Cross Tabulation and Chi-Square
Choose Stats > Contingency table & Chi2
Raw Data: Select two columns of categorical data, such as hair color and skin color, where each row represents a data point (e.g., a person). The data points should be of string type, and numerical values will be treated as categorical. Swapping the row and column will not change the Chi-Square result.
Summarized 2 Way Table: Data can also be input as a summarized table, with columns representing each category of one variable and rows representing each category of another variable. The cells contain the counts of each cross-category. The cell values must be integers, but float inputs will not be rounded in the calculation.
Row Labels: The name of each category of the row variable. By default, categories will be set in capital letters without an input. The names of column variable categories will be set by the column names.
The Chi Square results are consistent with both JMP 17 and Minitab 22.
Open the sample data file car_poll.pickle in the sample_data folder. Select the columns and rows as Gender and type. The result is shown below.
---- Contingency Table ----
+----------------+------------+------------+------------+-------+
| Count/Expected | Family | Sporty | Work | Total |
+----------------+------------+------------+------------+-------+
| Female | 76 / 70.59 | 41 / 45.54 | 21 / 21.86 | 138 |
| Male | 79 / 84.41 | 59 / 54.46 | 27 / 26.14 | 165 |
| Total | 155 | 100 | 48 | 303 |
+----------------+------------+------------+------------+-------+
---- Chi square test ----
df = 2
+------------------+--------+-----------+
| Test | Chi sq | P > ChiSq |
+------------------+--------+-----------+
| Likelihood Ratio | 1.659 | 0.436 |
| Pearson | 1.655 | 0.437 |
+------------------+--------+-----------+
A cross tabulation displays the joint frequency of data values based on two or more categorical variables. Cross tabulation analysis is used for two-way tables and is also known as contingency table analysis. In the contingency table, the count value is the total number of data points sharing the same categorical values in two variables. The expected values are the values distributing the total counts of each row by the ratio of counts in columns.
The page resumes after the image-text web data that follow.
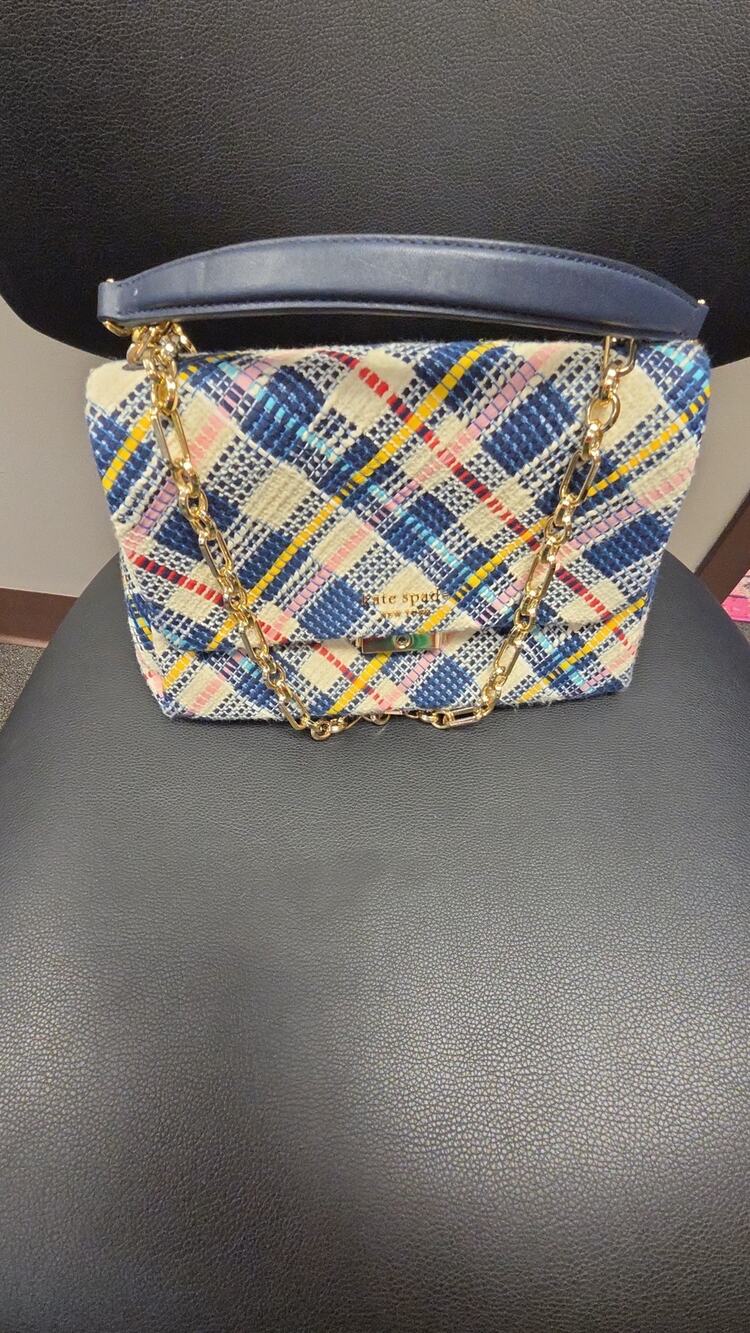 Kate Spade New York Tweed Plaid Blue Carlyle Medium 2Way Shoulder Handbag
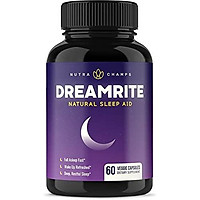 DREAMRITE Natural Sleep Aid - Non-Habit Forming - Stress, Anxiety & Insomnia Relief Supplement - Herbal Sleeping Pills for Adults with Valerian, Chamomile, Magnesium, Melatonin - 60 Vegan Capsules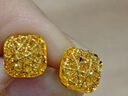 周六福  黃金耳釘女足金爆閃方糖耳飾送女友禮物 計(jì)價(jià) 2.20g 曬單實(shí)拍圖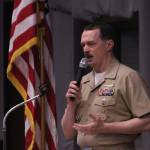 Photo by Allyson Ballard
Capt. Nathan Gamamche, the commanding officer of Naval Air Station Whidbey Island, spoke during the luncheon.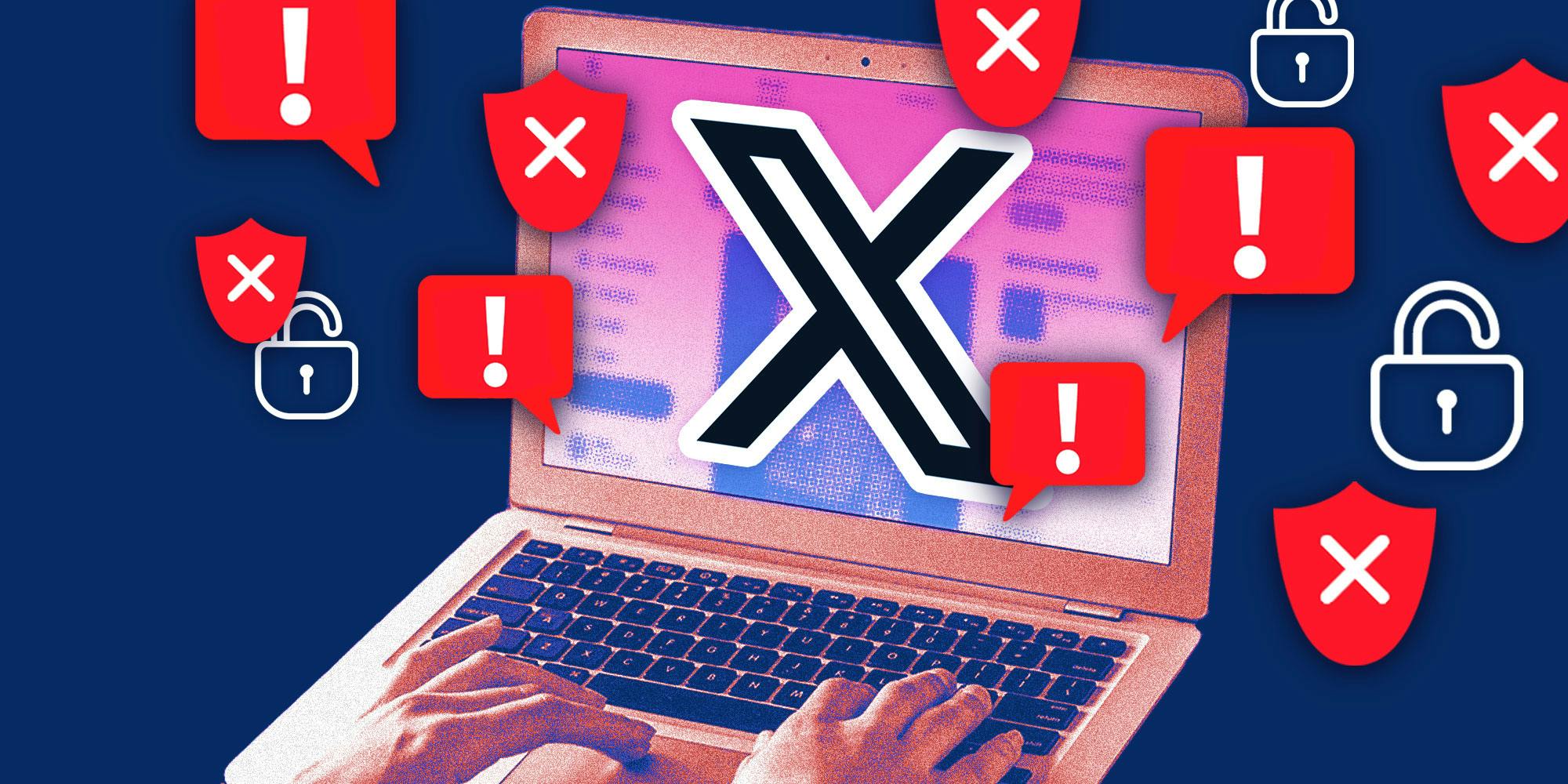 Photo illustration of a laptop on X with several security risk symbols floating around.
The joint frequency data are analyzed with the chi-square statistic to evaluate whether the variables are associated or independent. For a chi-square test for association, the hypotheses are as follows:
H0: The variables are independent; no association between variables exists.
H1: The variables are not independent; an association between variables exist and variables are dependent.
The software uses the Pearson test and the Likelihood-Ratio test to determine whether an association between machine and shift exists. Because the p-values for the Pearson test and the Likelihood-Ratio test are more than 0.05, we cannot reject the null hypothesis. We thus conclude that there is no association between the type of cars and the gender of buyers.